Make the problem Go Away.
Crisis is an opportunity for regulators looking for message cases; interest groups vying for causes; ambitious politicians looking for platforms; attorneys generals aspiring to be governors; activists investors looking for leverage; plaintiffs lawyers harvesting class litigants; and journalists competing for eyeballs. If you are really unlucky, you will get all of these adversaries in succession.
To make a crisis go away, reduce exposure and rehabilitate reputation, you have to be able to anticipate what’s next. You must understand what is causing the underlying problem and how to fix it. It’s not simply about message points and reporter contacts, but about understanding adversaries and what makes them tick. It’s about how information is shared, leaked, and escalated. It’s about what short term sacrifice will make the story go away and preserve value and reputation.

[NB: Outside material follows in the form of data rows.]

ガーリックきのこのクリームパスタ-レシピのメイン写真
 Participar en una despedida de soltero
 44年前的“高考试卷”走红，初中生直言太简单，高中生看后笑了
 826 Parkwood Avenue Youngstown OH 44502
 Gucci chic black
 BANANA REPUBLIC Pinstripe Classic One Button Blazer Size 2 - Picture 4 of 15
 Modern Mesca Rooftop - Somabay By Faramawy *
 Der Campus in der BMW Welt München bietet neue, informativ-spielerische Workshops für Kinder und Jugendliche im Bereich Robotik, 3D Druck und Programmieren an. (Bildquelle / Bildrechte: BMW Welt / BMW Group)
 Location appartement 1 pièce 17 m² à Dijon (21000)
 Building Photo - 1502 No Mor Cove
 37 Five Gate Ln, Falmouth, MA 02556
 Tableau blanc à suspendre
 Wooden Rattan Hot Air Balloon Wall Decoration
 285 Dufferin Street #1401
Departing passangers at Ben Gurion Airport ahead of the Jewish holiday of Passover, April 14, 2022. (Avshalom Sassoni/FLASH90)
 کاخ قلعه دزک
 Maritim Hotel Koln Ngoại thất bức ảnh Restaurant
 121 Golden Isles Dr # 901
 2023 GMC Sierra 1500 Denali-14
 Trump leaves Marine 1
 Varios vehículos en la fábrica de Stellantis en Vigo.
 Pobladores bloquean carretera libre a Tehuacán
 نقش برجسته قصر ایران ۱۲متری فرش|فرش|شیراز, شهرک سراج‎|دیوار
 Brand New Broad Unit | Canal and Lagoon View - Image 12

What exactly is behind the campaign to cause disruption? If you don’t know that, you’re guessing.

Rebuild the Reputation.
Most crises present opportunities to show courage and leadership, fix the problem, re-earn trust and rehabilitate and even accentuate reputation. But they require solid intelligence, proper timing, a deft understanding of political machinations, and the echo chamber to write the first draft of history.
A good crisis should never be wasted. Once the wound is cauterized, rebuild the reputation and accelerate brand and share value. Johnson & Johnson built a veritable shield against treacherous news through heroic leadership and transparency they showed in the Tylenol cyanide crisis.
Because their actions spoke of “putting customer safety ahead of profits,” it bought them three full decades of trust and value.